Carefully layer each liquor in the order listed (from top to bottom) into a shot glass. Shoot.

27% (54 proof)
Serve in: Shot Glass

Moose Fart recipe
1 part Absolut® vodka
1 part Crown Royal® Canadian whisky
1 part Kahlua® coffee liqueur
1 part Bailey's® Irish cream

Add with ice in a blender, and blend to a thick consistency.

30% (60 proof)
Serve in: Shot Glass



Day 13 - Nakwasina Sound
Today we are at Nakwasina sound. The sites are very similar to yesterday. So there is nothing here that stands out particularly. This morning we will do a guided kayak tour and then later a shore walk.
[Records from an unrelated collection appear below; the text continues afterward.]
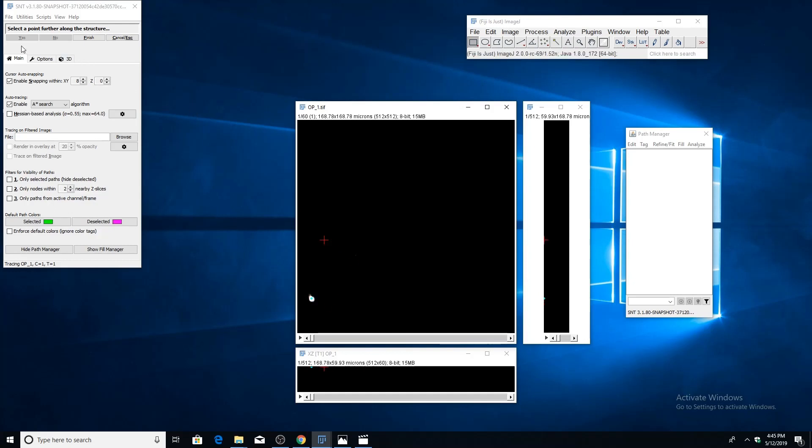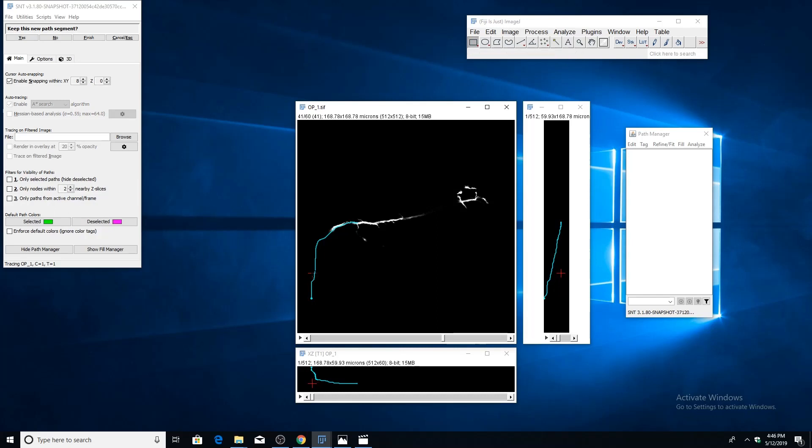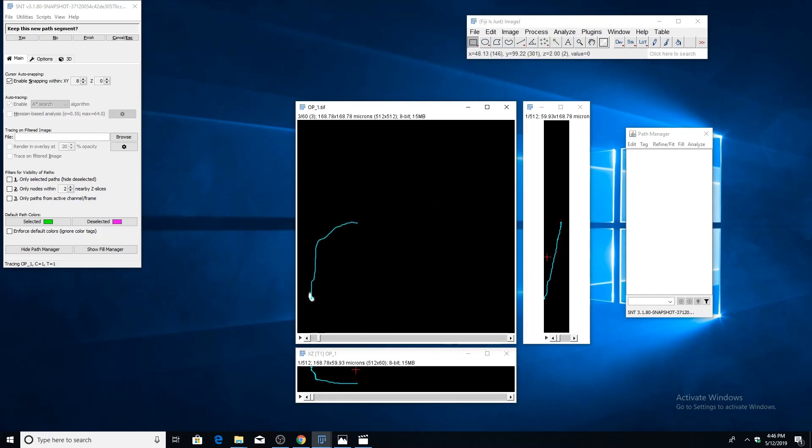You'll see that a little circle has been created indicating the start point of a new path. If you look back up here, it's asking us to select a point further along the structure. Let's find where we want to place our second point. If you click, you'll see that the A-star algorithm has found a path between those two points, and you can just scroll along it and see if it looks correct to you.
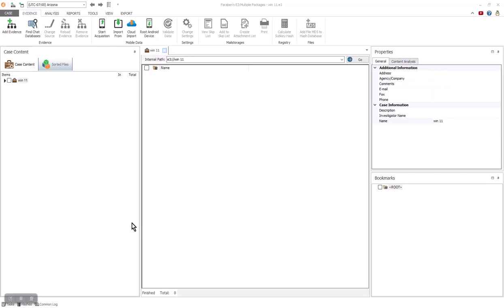Thank you for joining me in the demonstration of the E3 Forensic Platform when working with Windows. With this demonstration, we will be working with a Windows 11 image. Everything in E3 works in cases. Each time you add data, a new case is created, or you can open an existing case and add additional evidence to that case.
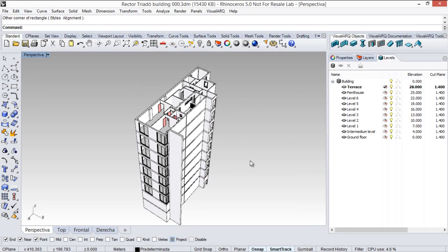Hello! In the following video we are going to see the features of the VisualARQ slab command that we can find here under the VisualARQ objects toolbar.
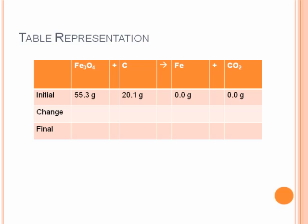Going back to our table, we can fill in what we know about the iron and the Fe3O4. We produced 40 grams of iron, so we gained 40 grams and are left with 40 grams of iron at the end of the reaction. Since Fe3O4 is limiting, all of that reactant is consumed, leaving zero grams at the end. We still need to calculate the CO2 and the carbon.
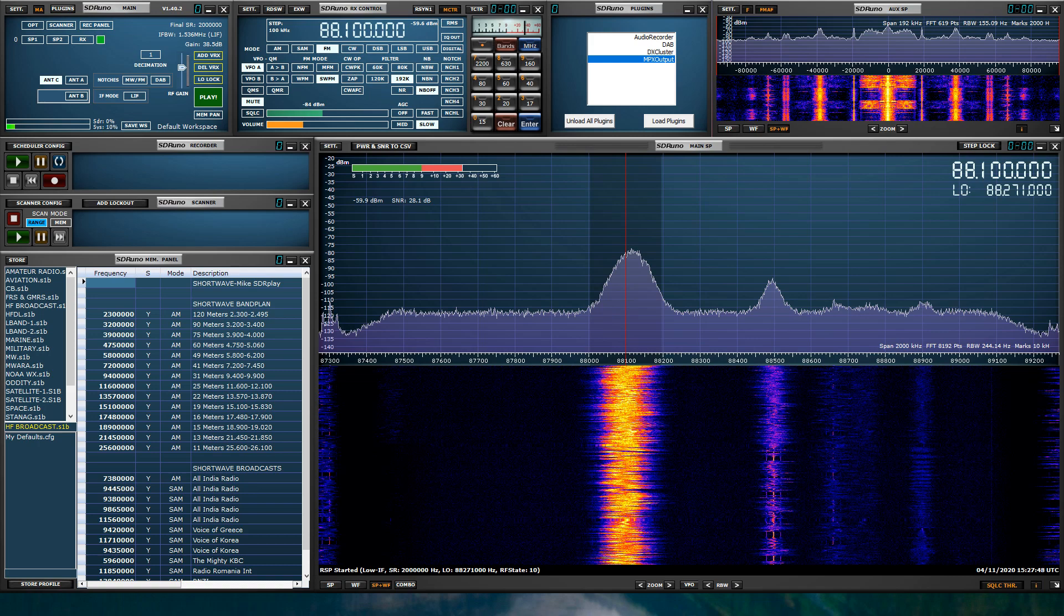Quick video. I'd like to show you guys the brand new plugin that we will be releasing with SDR Uno version 1.40.2, and that is the MPX Output Plugin.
From there it will be time to pack up and head home. We took a shore walk today with Ben and found a new trail that seemed to be frequented by brown bears. Saw a spot where a bear had been napping and later a number of scat deposits. On the way back we noticed a number of trees that were marked by the bears claws. It was a great way to end our adventure. We played cards later and had our Duke Fart but for the first time in days we didn’t close down the bar as Erin was still around when we left. This is a trip I will remember for a long time. Glad I was able to go!